3.初代フォードフォーカスは、欧米のカタログのoverall heightは1430mmだが、実車を見るとそんなに低くなく、ドイツや日本のカタログ値1480mmに近いと思える。なぜ1430mmが広く採用されたのか疑問。
初代フォード・フォーカスの 1430mm と 1480mm の「二つの車高」問題は、当時の欧州メーカーが抱えていた測定基準の移行期・装備差・表記方針の違いが重なった典型例なんだよね。
ここでは、なぜ 1430mm が欧米カタログで広く使われたのかを、当時の規格・装備・市場戦略の観点から整理してみる。
■結論:1430mm は「ベース仕様・旧測定基準」での値
1480mm は「実際の市販仕様(roof antenna 含む)での実測に近い値」
つまり、1430mmは「理論値」で、1480mmは「実車の現実値」という構造。
■なぜ 1430mm が欧米カタログで採用されたのか
① 欧州の「旧来の測定基準」では、アンテナやルーフレールを含めないことが多かった。
1990年代後半~2000年代初頭の欧州では、overall heightは、ボディシェルの最高点(アンテナ除く)という表記が一般的だった。
フォーカス Mk1 の場合、1430mm はアンテナを含まない“ボディのみ”の高さ。欧州メーカーは当時、アンテナを除外した値をカタログに載せることが多かった。
② 欧州のベース仕様(特に英国・北米)は車高が低いサスペンション設定だった。
初代フォーカスは市場ごとにサスペンションが異なる。欧州の“最も低い仕様”を基準にすると 1430mm が成立する。
③ 欧州の early brochure(初期カタログ)は「理論値」を優先していた
初代フォーカスは 1998 年の欧州デビュー時、“New Edge Design”の低重心性を強調したマーケティングが行われていた。そのためメーカー側は、“最も低く見える条件”を採用した可能性が高い。実際、当時の欧州車は「車高を低く見せる」傾向が強かった。

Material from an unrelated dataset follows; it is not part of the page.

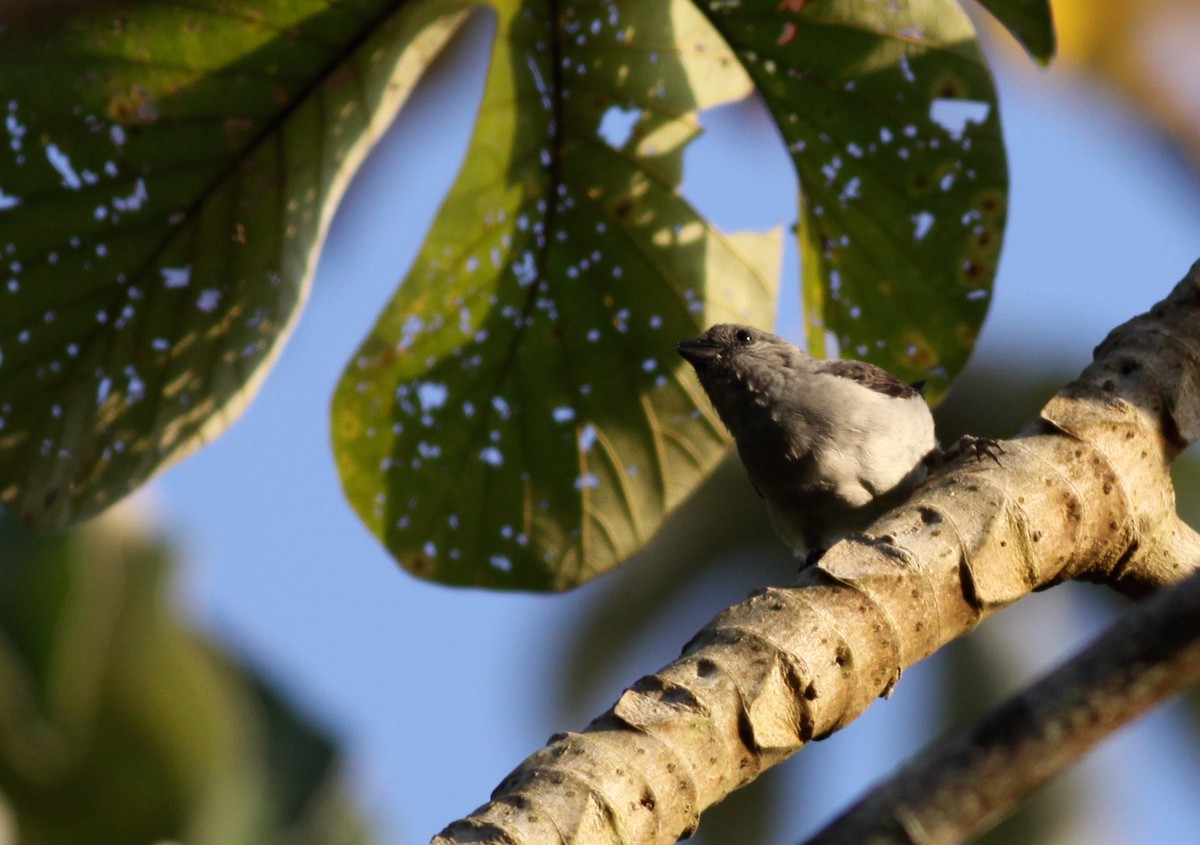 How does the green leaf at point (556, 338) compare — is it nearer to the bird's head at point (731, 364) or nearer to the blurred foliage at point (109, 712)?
the bird's head at point (731, 364)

④ 日本・ドイツのカタログは「実測値(アンテナ含む)」を採用した
日本の自動車カタログは JIS 規格に基づき、アンテナを含む最高点を overall height として記載する。ドイツも 2000 年代に入り、アンテナ含む値を記載する方向に移行した。その結果、全高の数値に二重構造が生まれた。
■まとめ
「
1430mmは“実車の高さ”ではなく、“最も低い理論値”として採用された」というのが最も整合的な説明になる。
以上がAIの回答でした。欧州における全高の測定基準がこのころに変わっていたというのは新しい情報です。「車高を低く見せる傾向が強かった」というのは、私の
仮説ストーリーとも共通する視点です。
一見整合的な説明に見えますが、「最も低い理論値」としても初代アテンザ(GG型)セダンと同じ全高1430mmを正当化する説明とは思えず、「集めた材料をもとに、もっともらしく話をまとめている」ような印象を受けました。